Te recuerdo grato compañero, que la cotidianidad es precisamente el campo de juego de la filosofía del siglo XX, por lo menos en Heidegger y en Wittgenstein. Ambos insisten en persuadirnos de que no existe lo cotidiano en sí salvo como ocultación o juego rutinario (no necesario) de la epifanía, de la creatio continua: el fuego abrasador heracliteano (esto lo digo yo) que usa el filósofo alquimista para transformar con su mirada el mundo entero, para re-sacralizarlo a su manera. Mi anterior mensaje era una manera judeocristiana de decir que si la experiencia de nuestra cotidianidad no permite de vez en cuando momentos de arrobamiento entonces no estamos siendo filósofos. Y yo me incluyo el primero.

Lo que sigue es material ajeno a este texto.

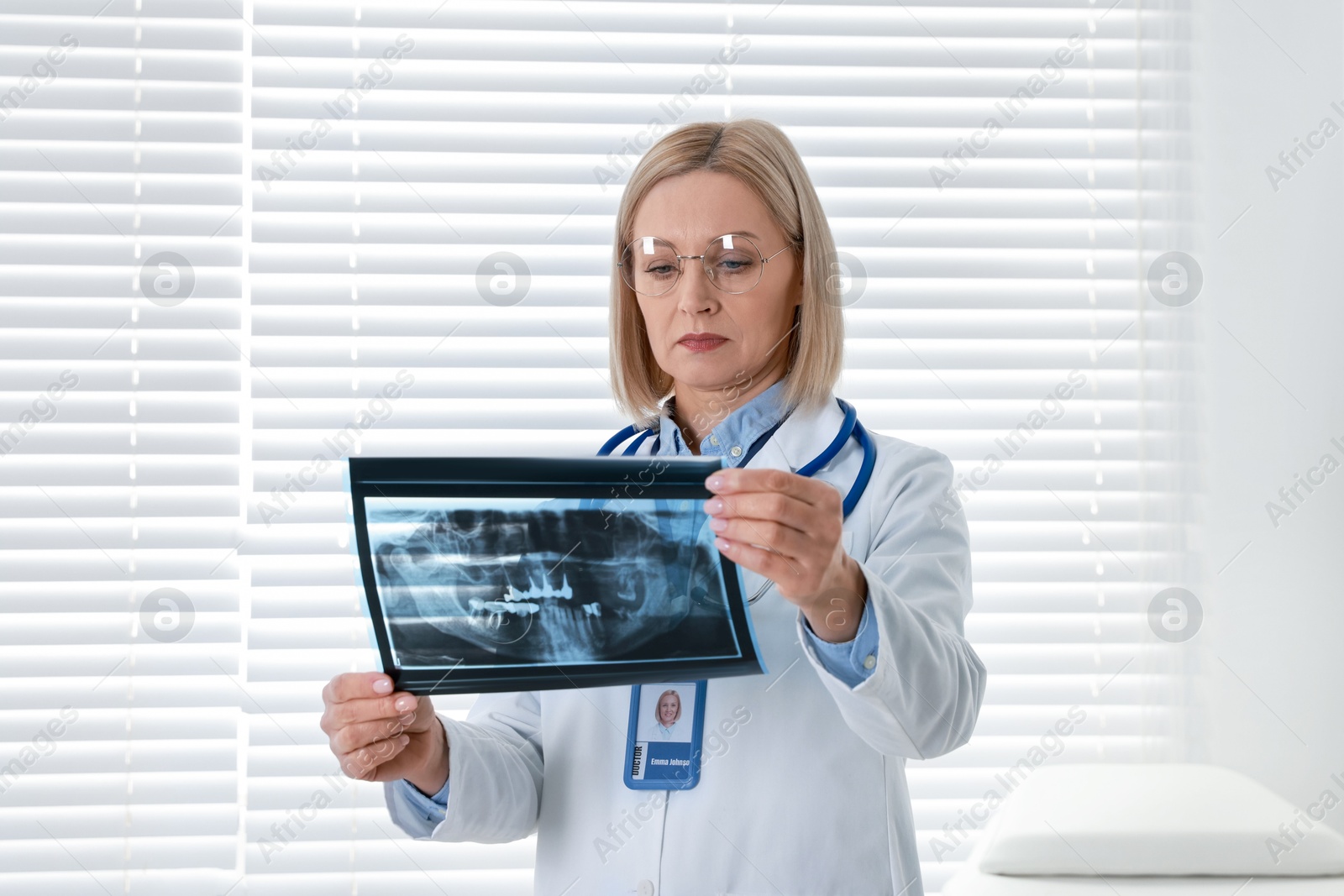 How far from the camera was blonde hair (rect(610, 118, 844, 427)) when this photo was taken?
3.72 ft

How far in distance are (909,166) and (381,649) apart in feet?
4.44

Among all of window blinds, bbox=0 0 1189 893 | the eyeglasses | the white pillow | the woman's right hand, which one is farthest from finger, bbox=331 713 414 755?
the white pillow

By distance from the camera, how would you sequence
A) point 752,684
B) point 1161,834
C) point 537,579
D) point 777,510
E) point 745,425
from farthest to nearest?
point 1161,834 → point 745,425 → point 752,684 → point 537,579 → point 777,510

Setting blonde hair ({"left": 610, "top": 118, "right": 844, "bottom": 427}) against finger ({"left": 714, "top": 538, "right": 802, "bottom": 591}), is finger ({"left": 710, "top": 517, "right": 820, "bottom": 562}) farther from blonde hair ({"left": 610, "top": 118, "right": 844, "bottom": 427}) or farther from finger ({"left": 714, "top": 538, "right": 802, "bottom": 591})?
blonde hair ({"left": 610, "top": 118, "right": 844, "bottom": 427})

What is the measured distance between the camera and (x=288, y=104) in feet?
5.89

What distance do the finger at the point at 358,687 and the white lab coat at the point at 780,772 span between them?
15 centimetres

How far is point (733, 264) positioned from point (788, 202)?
109mm

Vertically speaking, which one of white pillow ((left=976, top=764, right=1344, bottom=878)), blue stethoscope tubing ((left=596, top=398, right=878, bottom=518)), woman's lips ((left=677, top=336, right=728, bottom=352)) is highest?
woman's lips ((left=677, top=336, right=728, bottom=352))

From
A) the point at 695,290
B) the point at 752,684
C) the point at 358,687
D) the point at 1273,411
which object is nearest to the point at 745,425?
the point at 695,290

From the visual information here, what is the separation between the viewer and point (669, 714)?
3.42 feet

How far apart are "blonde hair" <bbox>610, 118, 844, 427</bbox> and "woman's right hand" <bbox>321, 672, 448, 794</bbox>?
0.53m

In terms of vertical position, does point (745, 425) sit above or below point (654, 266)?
below

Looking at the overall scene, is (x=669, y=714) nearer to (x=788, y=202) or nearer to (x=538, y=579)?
(x=538, y=579)

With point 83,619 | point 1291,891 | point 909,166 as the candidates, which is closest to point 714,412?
point 909,166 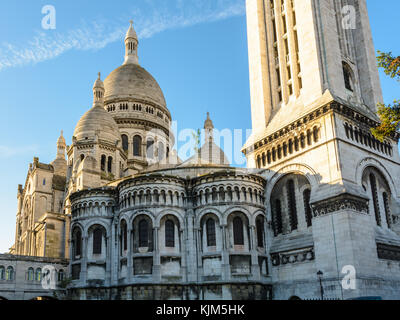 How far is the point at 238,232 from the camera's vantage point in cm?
3722

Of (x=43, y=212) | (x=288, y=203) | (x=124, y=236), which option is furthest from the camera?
(x=43, y=212)

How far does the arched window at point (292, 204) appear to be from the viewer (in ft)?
124

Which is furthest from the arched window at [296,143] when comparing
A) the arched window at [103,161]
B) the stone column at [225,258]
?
the arched window at [103,161]

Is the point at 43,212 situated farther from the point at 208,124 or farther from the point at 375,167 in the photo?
the point at 375,167

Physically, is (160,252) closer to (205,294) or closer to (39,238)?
(205,294)

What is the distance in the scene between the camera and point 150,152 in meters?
72.3

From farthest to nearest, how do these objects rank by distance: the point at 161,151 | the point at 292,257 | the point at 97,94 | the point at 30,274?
the point at 161,151, the point at 97,94, the point at 30,274, the point at 292,257

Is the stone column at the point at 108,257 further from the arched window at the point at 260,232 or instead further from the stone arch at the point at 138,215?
the arched window at the point at 260,232

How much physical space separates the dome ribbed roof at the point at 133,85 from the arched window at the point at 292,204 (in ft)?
135

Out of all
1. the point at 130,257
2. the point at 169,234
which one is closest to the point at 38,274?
the point at 130,257

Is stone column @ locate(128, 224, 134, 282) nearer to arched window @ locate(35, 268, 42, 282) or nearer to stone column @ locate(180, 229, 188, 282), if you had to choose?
stone column @ locate(180, 229, 188, 282)

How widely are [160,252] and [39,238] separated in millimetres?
24241

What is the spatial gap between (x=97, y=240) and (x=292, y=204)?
18288 mm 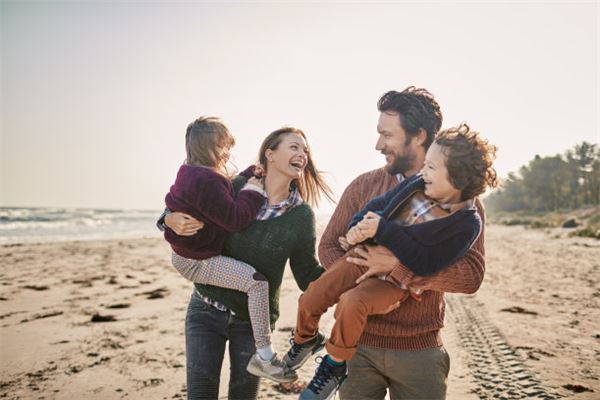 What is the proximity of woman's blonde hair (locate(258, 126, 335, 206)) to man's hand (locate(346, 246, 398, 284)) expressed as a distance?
890 millimetres

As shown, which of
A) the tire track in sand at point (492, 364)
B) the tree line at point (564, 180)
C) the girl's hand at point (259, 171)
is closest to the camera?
the girl's hand at point (259, 171)

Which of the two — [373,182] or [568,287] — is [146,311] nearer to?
[373,182]

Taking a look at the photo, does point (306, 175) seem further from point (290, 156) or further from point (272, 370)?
point (272, 370)

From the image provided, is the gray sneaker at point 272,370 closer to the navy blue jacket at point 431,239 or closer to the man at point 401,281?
the man at point 401,281

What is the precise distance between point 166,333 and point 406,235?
5.48m

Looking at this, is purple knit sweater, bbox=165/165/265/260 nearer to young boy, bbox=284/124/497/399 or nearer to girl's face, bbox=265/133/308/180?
girl's face, bbox=265/133/308/180

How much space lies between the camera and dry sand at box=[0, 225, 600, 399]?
468 cm

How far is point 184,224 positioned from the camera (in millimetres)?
2643

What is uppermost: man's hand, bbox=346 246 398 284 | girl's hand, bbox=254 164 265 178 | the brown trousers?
girl's hand, bbox=254 164 265 178

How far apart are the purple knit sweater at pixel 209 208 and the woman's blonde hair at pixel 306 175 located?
365 millimetres

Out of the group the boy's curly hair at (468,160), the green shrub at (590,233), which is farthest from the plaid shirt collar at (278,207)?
the green shrub at (590,233)

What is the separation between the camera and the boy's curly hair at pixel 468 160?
7.38 ft

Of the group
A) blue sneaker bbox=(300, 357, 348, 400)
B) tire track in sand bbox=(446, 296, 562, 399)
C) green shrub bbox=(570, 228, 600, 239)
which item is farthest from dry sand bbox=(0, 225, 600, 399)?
green shrub bbox=(570, 228, 600, 239)

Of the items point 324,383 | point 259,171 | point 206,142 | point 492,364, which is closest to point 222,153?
point 206,142
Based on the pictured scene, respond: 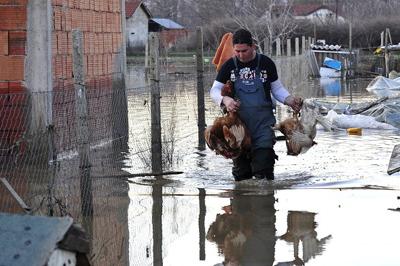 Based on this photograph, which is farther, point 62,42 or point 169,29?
point 169,29

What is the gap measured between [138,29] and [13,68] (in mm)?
62885

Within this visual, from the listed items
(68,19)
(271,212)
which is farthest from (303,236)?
(68,19)

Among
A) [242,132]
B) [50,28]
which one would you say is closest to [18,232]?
[242,132]

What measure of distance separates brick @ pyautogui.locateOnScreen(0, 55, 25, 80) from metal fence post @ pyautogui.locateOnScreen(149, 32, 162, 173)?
6.73ft

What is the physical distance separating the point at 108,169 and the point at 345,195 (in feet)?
12.4

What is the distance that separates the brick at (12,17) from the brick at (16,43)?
0.28 feet

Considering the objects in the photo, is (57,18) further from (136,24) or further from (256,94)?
(136,24)

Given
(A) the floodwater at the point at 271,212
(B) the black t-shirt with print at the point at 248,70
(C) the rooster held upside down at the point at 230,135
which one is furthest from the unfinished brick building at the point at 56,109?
(B) the black t-shirt with print at the point at 248,70

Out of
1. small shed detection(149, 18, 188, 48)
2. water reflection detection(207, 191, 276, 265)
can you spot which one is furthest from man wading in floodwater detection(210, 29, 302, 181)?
small shed detection(149, 18, 188, 48)

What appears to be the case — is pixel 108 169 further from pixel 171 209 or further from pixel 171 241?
pixel 171 241

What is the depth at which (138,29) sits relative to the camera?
244 feet

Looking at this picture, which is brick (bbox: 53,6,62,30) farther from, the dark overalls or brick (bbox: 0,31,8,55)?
the dark overalls

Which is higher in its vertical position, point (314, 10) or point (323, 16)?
point (314, 10)

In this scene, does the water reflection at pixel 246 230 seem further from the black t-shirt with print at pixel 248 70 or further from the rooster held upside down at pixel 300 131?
the black t-shirt with print at pixel 248 70
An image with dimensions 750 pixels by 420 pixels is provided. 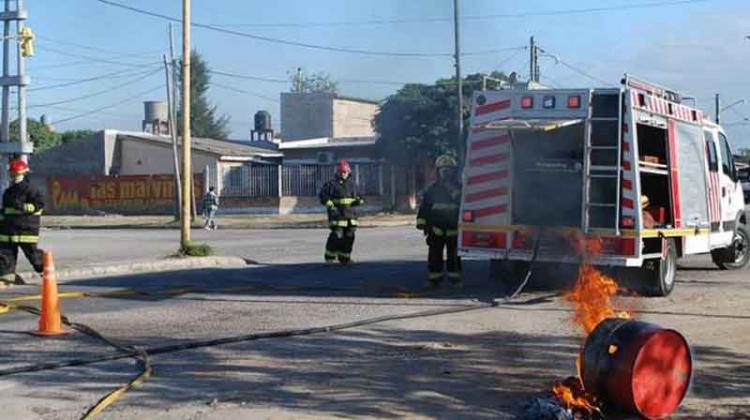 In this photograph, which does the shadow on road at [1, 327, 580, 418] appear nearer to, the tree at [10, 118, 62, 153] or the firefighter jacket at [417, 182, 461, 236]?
the firefighter jacket at [417, 182, 461, 236]

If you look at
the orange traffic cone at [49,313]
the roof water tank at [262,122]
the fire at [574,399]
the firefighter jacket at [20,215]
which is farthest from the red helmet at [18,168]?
the roof water tank at [262,122]

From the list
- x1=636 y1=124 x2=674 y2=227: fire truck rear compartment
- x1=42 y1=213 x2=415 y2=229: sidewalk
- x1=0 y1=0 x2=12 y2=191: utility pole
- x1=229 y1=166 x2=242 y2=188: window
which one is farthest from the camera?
x1=229 y1=166 x2=242 y2=188: window

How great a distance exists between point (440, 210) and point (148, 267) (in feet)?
20.2

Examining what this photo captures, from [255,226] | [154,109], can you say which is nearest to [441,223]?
[255,226]

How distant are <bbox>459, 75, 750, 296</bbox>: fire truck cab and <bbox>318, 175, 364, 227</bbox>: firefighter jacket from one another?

Un filósofo del cual me he ocupado, Vladimir Jankélévitch, -judío, por cierto- precisamente se ocupa de la cotidianidad humana y nos califica como actores crónicos (actor, especialmente, en el sentido de hacer, es decir, creador) y espectadores intermitentes (la conciencia, especialmente la filosófica). También nos avisa del riesgo de aburrimiento vital que contrapone con la aventura del instante.
Salud
Excelente entrada. Lo mejor creo es no tener tiempo para aburrirse, pero dando ocasión para el aburrimiento. Creo que es bueno hastiarse, siempre y cuando no nos quedemos ahí, en ese estado, y rompamos con él, ya sea buscando la novedad o sumergiéndonos en una reflexión sobre el aburrimiento mismo. Está muy bien escrita y me ha resultado muy sugerente tu reflexión, como siempre. Saludos. David
Estoy de acuerdo en casi todo, David. Jankélévitch habla del tedio y apunta, como tu haces, líneas de salida de esa situación bloqueante. Te recomiendo un libro suyo: "La aventura, el aburrimiento, lo serio"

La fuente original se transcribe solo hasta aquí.